The rise and fall of EIT

In November, the borough was considering instituting an earned income tax (EIT), which would have cost employees who live and/or work in the borough one percent of their paychecks. The tax was projected to bring in about $360,000 in revenue. Much of this money would go toward updating the borough’s aging infrastructure, which has been getting battered by rainfall every year in recent memory.

Residents came out in full force, providing one impassioned speech after another to decry the proposed EIT as an unfair burden that would hurt local employers.

The borough voted through the EIT, despite the residents’ opposition. However, at the following meeting, councilor and finance committee chair William McAllister proposed an alternative. He said that he could trim the budget by about $150,000 and raise the millage rate to bring in an additional $200,000 in property taxes, eliminating the need for EIT.

Councilor Jim Hamill spoke out against this idea. For one, he had concerns that McAllister hadn’t provided specifics about where these cuts would be made. Second, he felt that raising property taxes would be overburdensome on residents who may be already struggling to keep a roof over their heads.

After some heated back and forth between McAllister and Hamill, the council eventually voted, 5-2, to scrap EIT in favor of budget cuts and higher property taxes. McAllister said he would have the specifics on those cuts at the next meeting.

More than $480K in cuts

At the most recent meeting, McAllister explained how he had trimmed the budget by significantly more than the $150,000 he had promised.

The cuts came from a range of sources. After securing “the reconciled balance of the checking account for the general fund,” McAllister said “the funds there actually increased.”

An emergency repair project slated for a dilapidated retaining wall on Castle Street will cost $60,000 less than anticipated. 

The invoices for November have been paid, thereby reducing another $159,000 from the borough’s expenditures. 

The salary for the newly created borough manager position has been reduced by $30,000 to an annual salary of $100,000.

McAllister also eliminated $5,000 for new parking meters, as the borough is no longer planning to purchase any in the coming year. Finally, future projects that the DPW will likely not be able to get to in 2024 were taken out of the budget, cutting an additional $3,600.

With these cuts, the advertised, balanced budget comes out to $5,473,797 in both expenditures and revenue.

Stormwater vote

Hamill expressed concern that the expenditures slated for stormwater repairs, which came in at just over $300,000 in the draft budget, were too conservative given past stormwater costs.

“In this calendar year, we’ve spent three-quarters of a million dollars on stormwater,” Hamill said. “How are we arriving at the $310,000?”

A budget is “an estimate, not a fact” responded McAllister, who also chairs the stormwater committee.

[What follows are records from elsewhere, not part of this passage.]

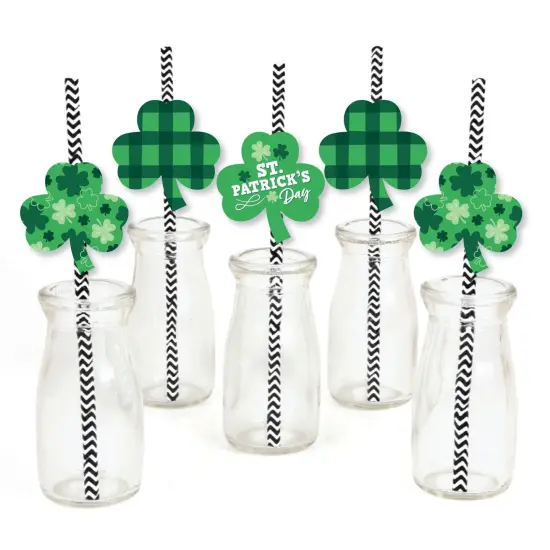 Big Dot of Happiness Shamrock St. Patrick's Day - Paper Straw Decor - Saint Paddy's Day Party Striped Decorative Straws - Set of 24 {1}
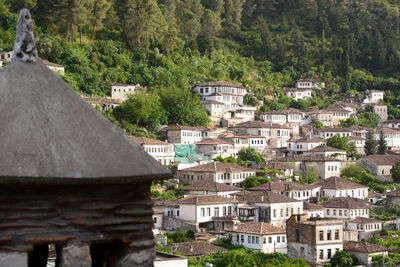 High angle view of buildings in town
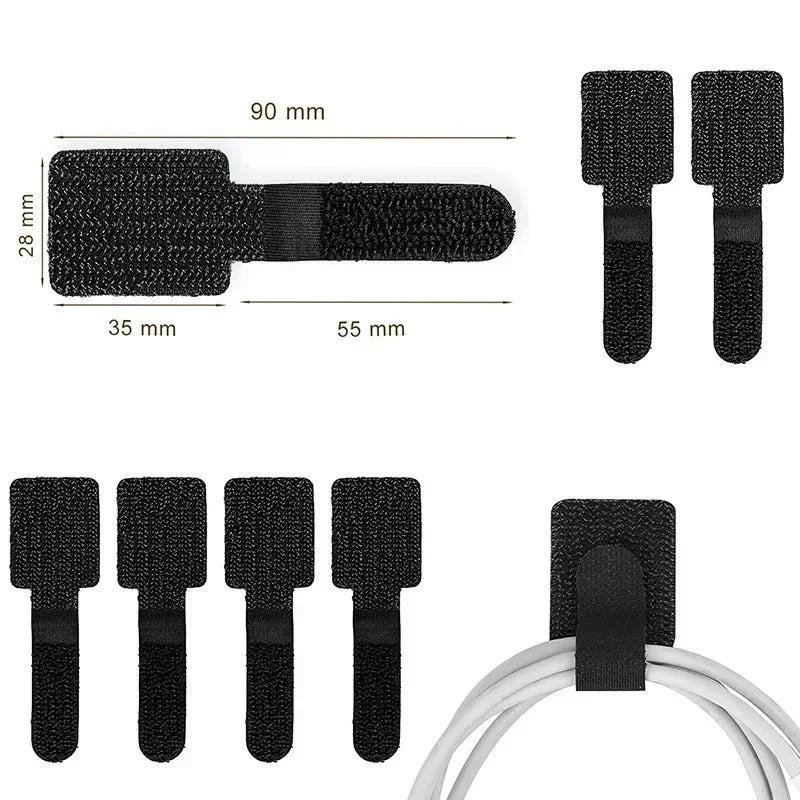 Reusable Self-Adhesive Cable Ties & Wire Organizer Straps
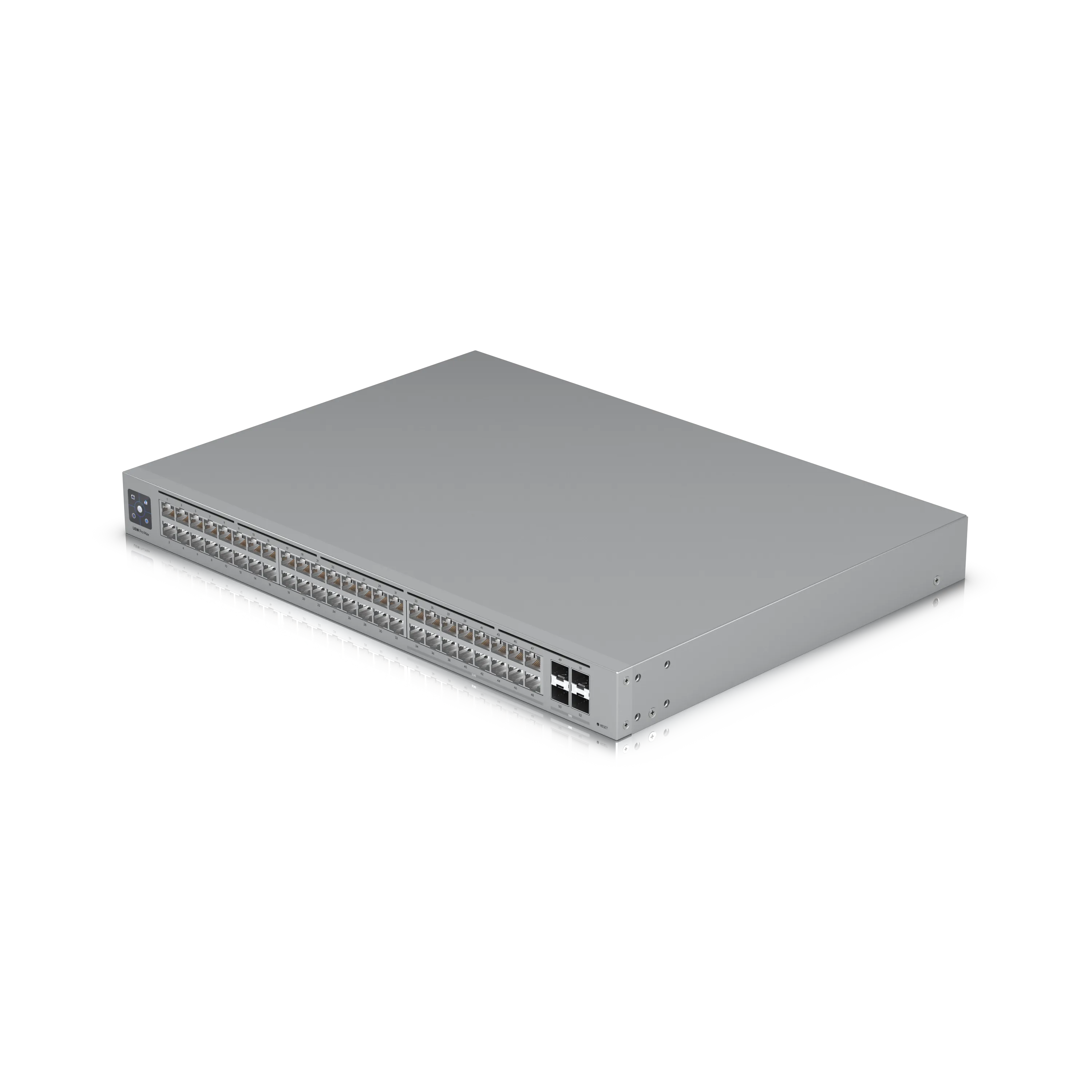 Ubiquiti UniFi Switch USW-Pro-Max-48-POE 720W PoE++ mit 48 Ethernet- und SFP+-Ports in silbernem Rackmount-Gehäuse vor Ubiquiti UniFi Switch USW-Pro-Max-48-POE 720W PoE++ mit 48 Ethernet- und SFP+-Ports in silbernem Rackmount-Gehäuse vor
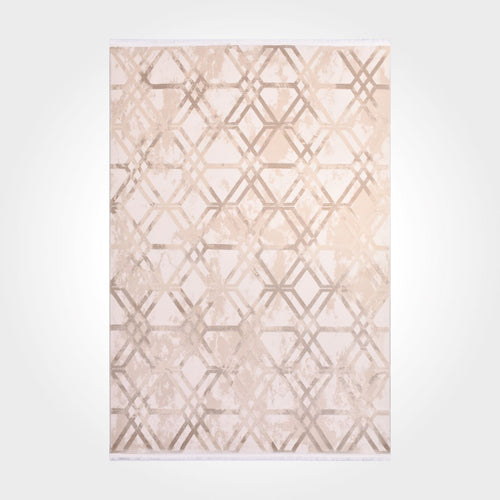 Bamboo Viscose Area Rug – Machine Made Geometric Cream Rug With Overlocked Edge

He said that if the stormwater costs prove to be higher, the borough would secure financing to cover that. 

Hamill noted that interest rates for borrowing are “extremely high” and said he just wanted to be “realistic with taxpayers.”

“We just spent $750,000 of taxpayer money to fix stormwater issues in 2023. If you think 2024 is going to be a bargain, or not incur that significant amount of revenues, I think you’re doing a disservice to the public.” 

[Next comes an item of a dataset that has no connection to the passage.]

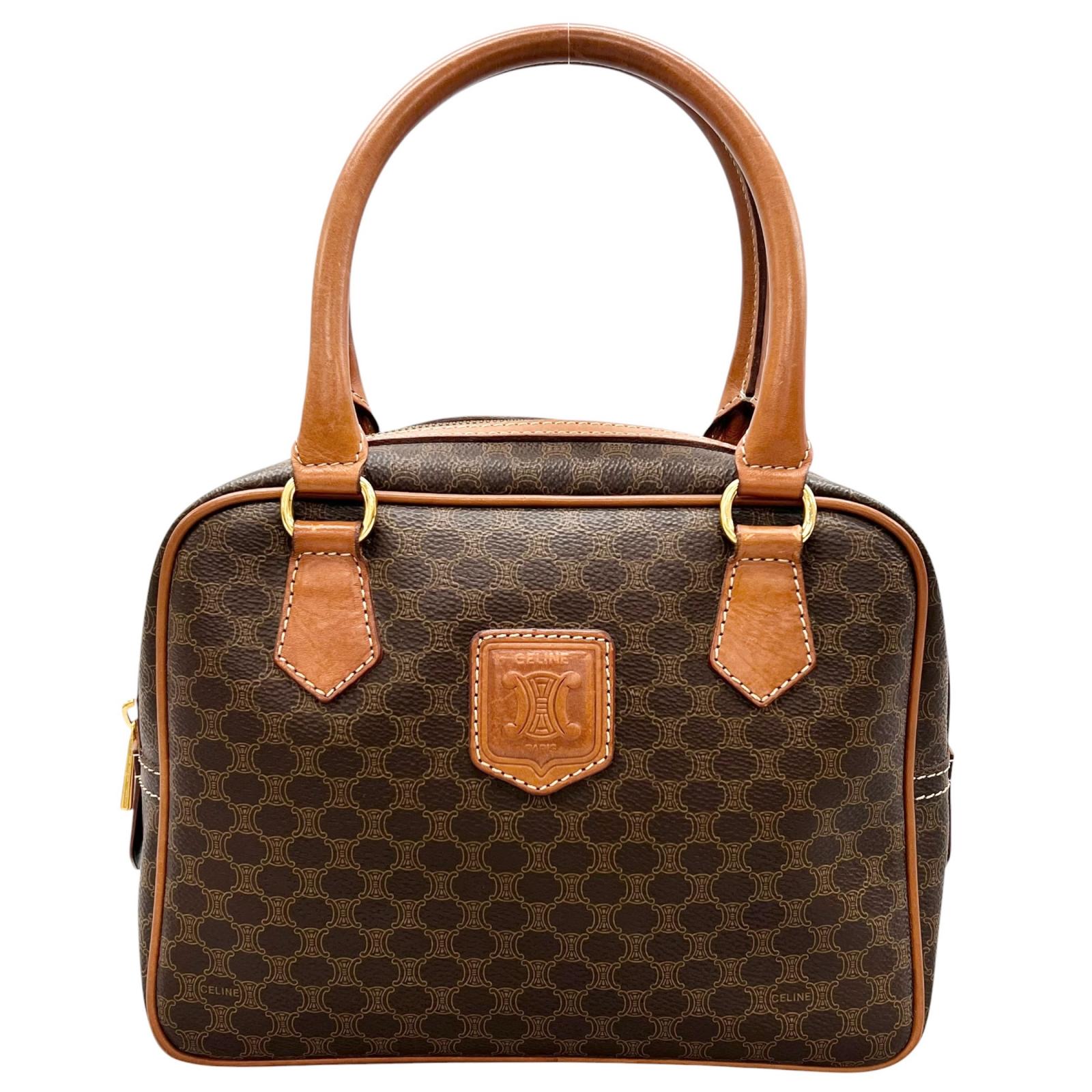 CELINE セリーヌ マカダム柄 M95 ハンドバック なめし革 赤銅色 レディース【中古】【貨物輸送無料】
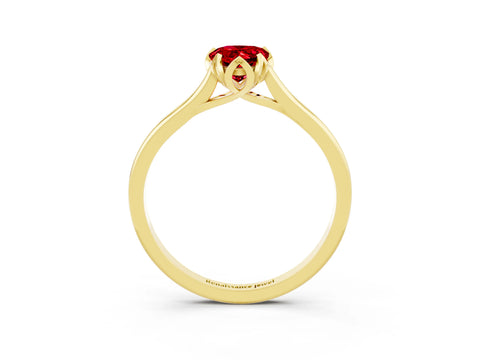 Yellow gold Pear Cut Ruby Solitaire Ring with Flower Prong Setting and Classic Band_15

McAllister said that if stormwater costs prove to be inordinately high, the borough might create a stormwater authority and the expenses will be “dealt out to the people who are responsible for impervious surfaces [which do not absorb stormwater] around the community.”

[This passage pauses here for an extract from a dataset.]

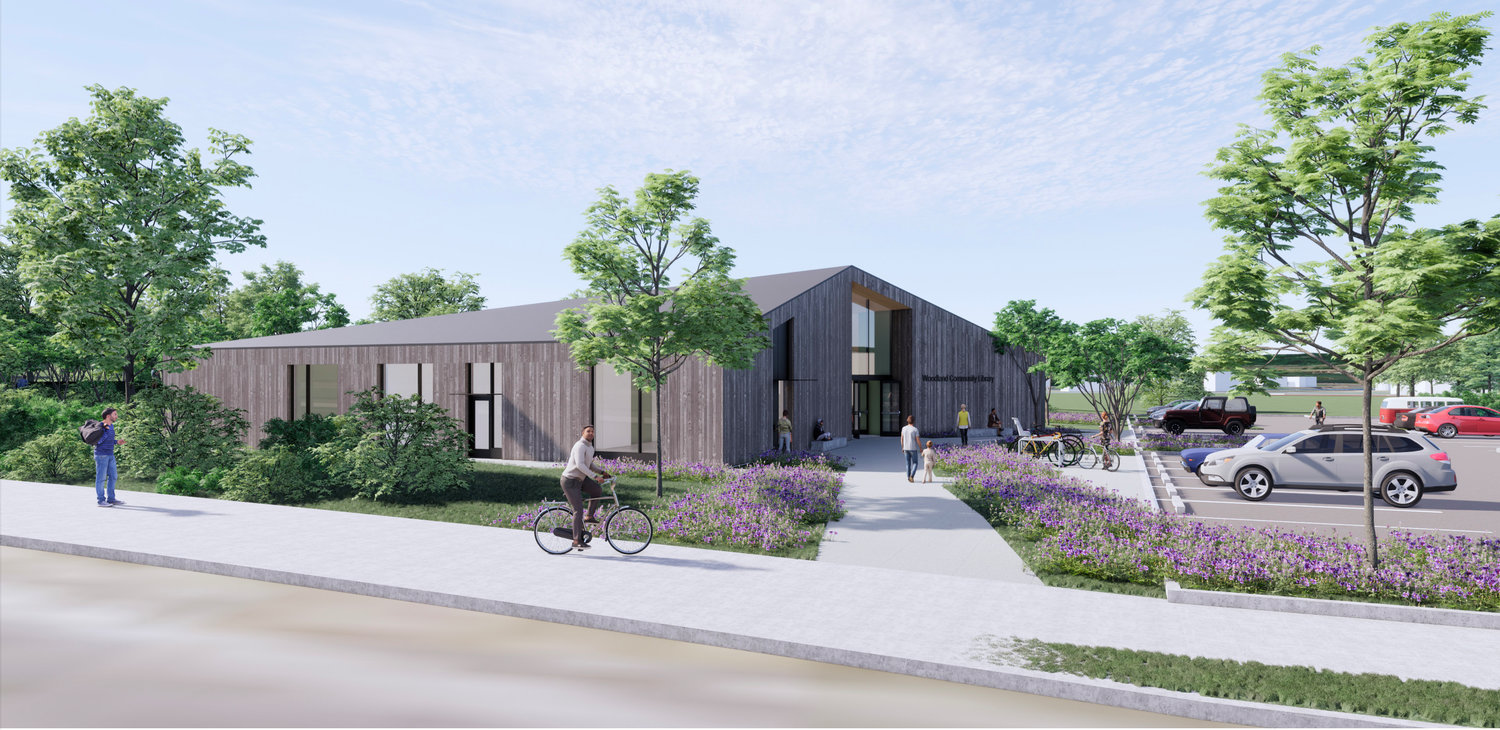 An artist’s rendering shows what the new Woodland Community Library will look like.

After this discussion, the council held a roll-call vote to tentatively adopt the budget as presented. Councilors Michael Augello, Tiffany Rogers, David Nilsen, Jason Newbon and McAllister all voted yes. Hamill cast the lone no vote. Councilor Eric Cooley was not in attendance.

The budget is available for inspection at Borough Hall on Main Street and online at www.honesdaleborough.com. The council will meet again on Thursday, December 28, to officially adopt the budget, though it may be reopened again in January.